One thing Flanagan admits she didn’t think about was how much of the series involved Helen – and, by extension, herself. When she saw the filming schedule, she suddenly realised, “‘I’m in every frickin’ scene. I’m never going to get a scene off, there is never any sitting around,’” she says. “That was something we didn’t think about, because quite often you have those parallel storylines running that make it very easy to switch between and to time-jump as well. We did a bit of writing and changing on the run.”

Then behind the camera, she collaborated with her The Weekly partner Peterson, the pair having experience preparing five-minute segments for each episode of the satirical news show together. That process proved to be the perfect training ground for her promotion to making a six-part, half-hour series.

The supporting cast includes Bert LaBonté as William

“It was fantastic, I couldn’t have done it without him,” Flanagan says. “It’s all very well for me to walk around going, ‘Yeah, I’m the director. Don’t say it like this, say it like that.’ He was the one actually making things happen and saying we will need cameras and we will need them here and we will need everything else involved. I was just like, ‘I don’t like the way you said it. Can you make it funnier?’”

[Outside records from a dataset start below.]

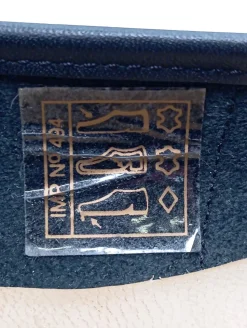 Klassische Ballerinas Größe 36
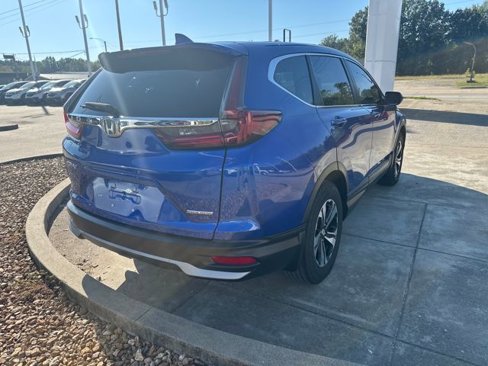 Used 2021 Honda CR-V Special Edition image 5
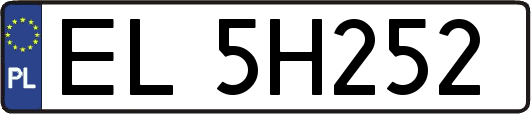 EL5H252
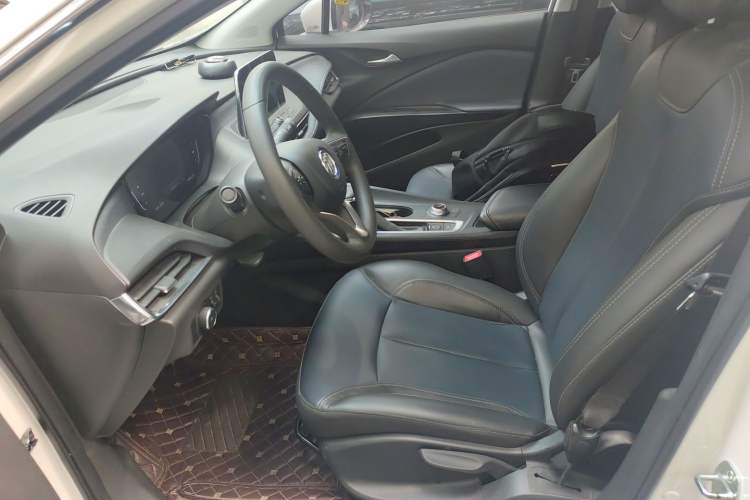 Used Buick Velite 6 2022 Connected Fashion PLUS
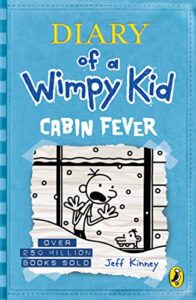 Diary of a wimpy kid - Cabin Fever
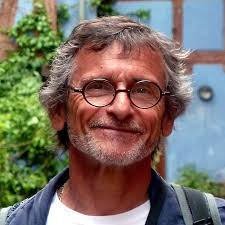 Bernard BEGIN (RICHARDMENIL, NEUFCHATEAU)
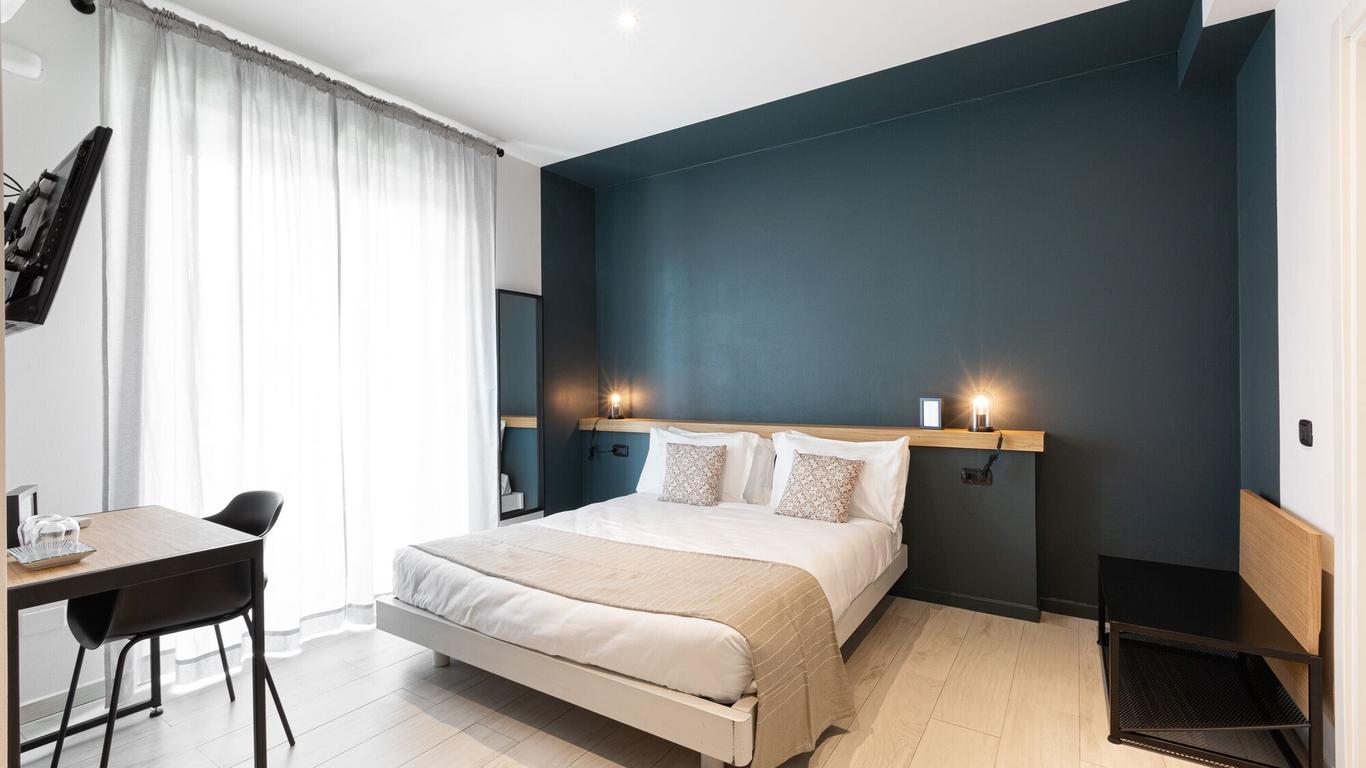 Attico43 B&B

Shooting on Fisk was underway in Melbourne last spring when the Covid-19 pandemic hit and promptly sent the city into lockdown, causing Sheehan to scramble to find production insurance and implement additional protocols to ensure the safety of cast and crew on set.

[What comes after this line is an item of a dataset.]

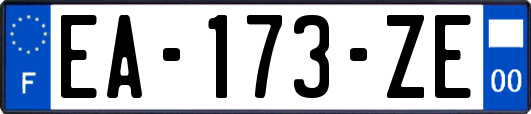 EA-173-ZE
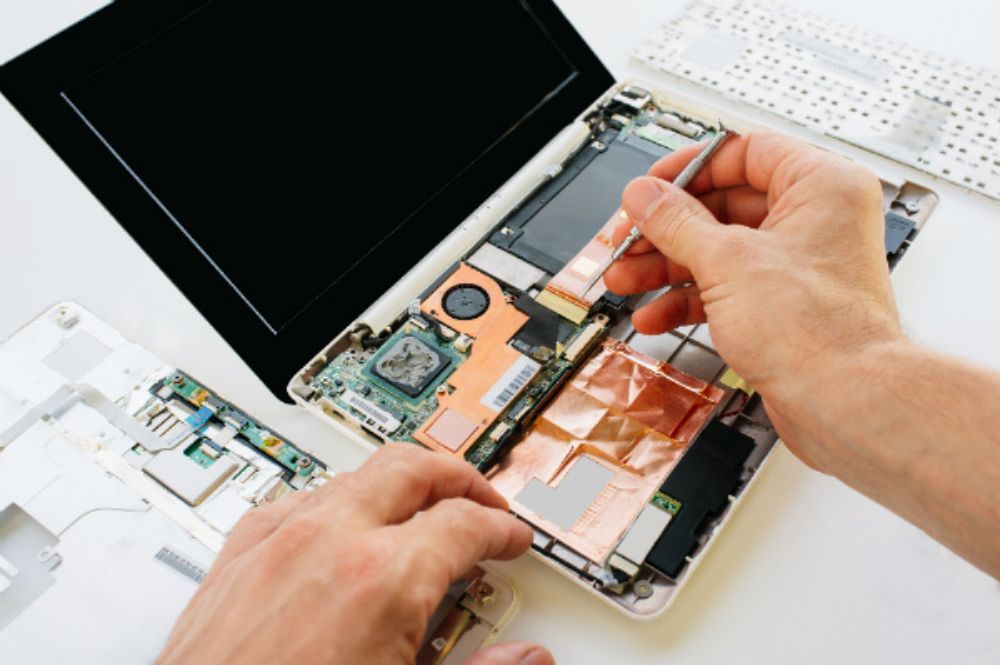 Photo of TechWhiz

“We were fortunate in that it was a very contained show in so many ways,” he says. “We had to reduce the crew even further just because you couldn’t have that many people in the room. But I’ve always looked for a production model that’s as lean as possible because, in the past, [I’ve found that] the bigger it gets, the slower it gets. Kitty and Tom had time to work with characters and performance. It was really hard getting into production but, when we started, the model suited a lockdown show.

While performing stand-up might be a world away from making television, Flanagan enjoys the freedom to be able to repeat a take if she makes a mistake or knows a line could be funnier, which isn’t an option on stage in front of a live audience.

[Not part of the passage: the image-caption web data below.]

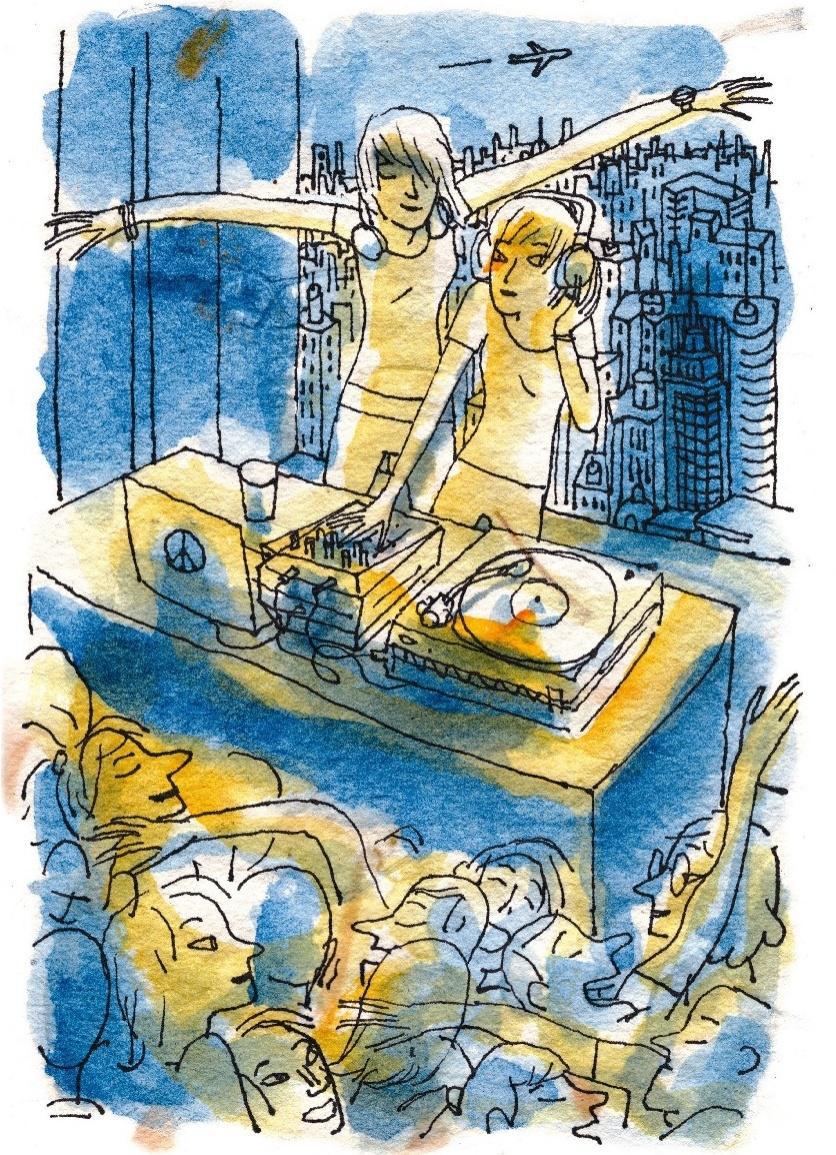 Par Fabrice Gaignault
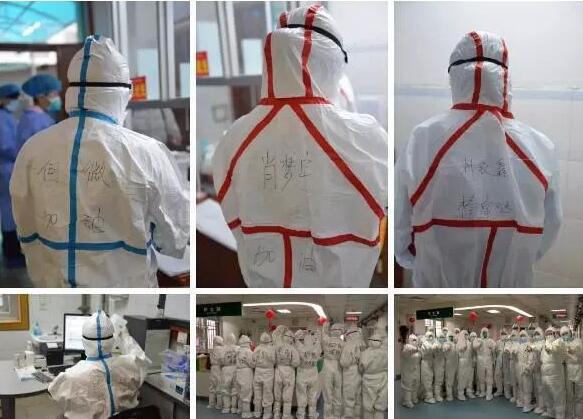 致敬“逆行者”，科技助力，杜伯特洗瓶機(jī)與你并肩上一線！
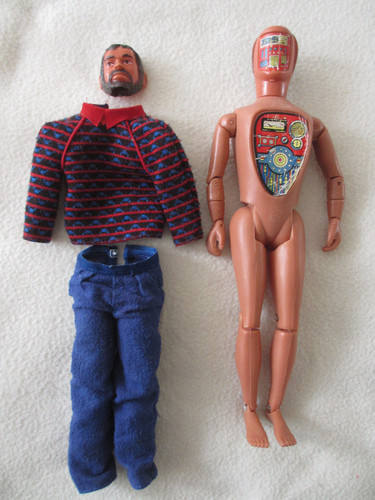 Rare mannequin poupee - mannequin,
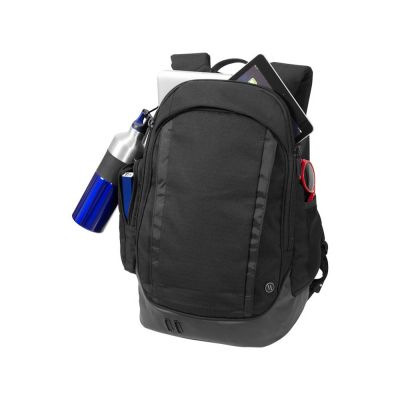 Рюкзак Core для ноутбука 15, черный-2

“But then, there’s something else very immediate with the stand-up,” she says. “When you get it right and you get the laugh immediately [on stage], it is quite odd for comedians doing television where people can’t laugh. Then they call cut and then people will laugh.”

The show is filmed in the Australian city of Melbourne

When it launched in March, the first episode of Fisk became highest-rated episode of a non-kids programme on ABC’s streaming platform iView, and the series is still the highest-rated non-kids programme across the network in 2021. The reception to the show has been “so fantastic,” Flanagan says, noting that getting the chance to write her own series “was such a long time coming for me. I was 50 before they gave me a show. I was about to retire! I was always very good at a bit on someone else’s show, yet to take the leap and then to actually be rewarded for it, it’s a stupid thing to say but, more than enjoyment, it was just a massive relief that I pulled it off.”

Sheehan, who has since launched his own production company Origma45, puts the show’s success down to “the singular authorial voice of Kitty as co-writer, co-director and performer. She was fine-tuning the material at every stage,” he says. “Kitty’s comedy is very relatable and the world of the show is undeniably relatable. Everyone will go through an experience like this, and it doesn’t discriminate across class or age or race or culture.”

Flanagan and her sister are now developing a second season of Fisk. But as coronavirus restrictions ease in Australia, she is also hoping to return to the stage.

“I hold the record for most gigs cancelled. My tour’s currently called Kitty Flanagan: Rescheduled. It’s so tedious!” she says. “I was meant to be starting a new tour this year. I got a few try-out shows done in March, I did two in July and then that’s it. Unfortunately, I’m going to have to start again [with new material]. It’s just a nightmare. It will all go in the bin, but it means I’ve got plenty of time to focus on this.”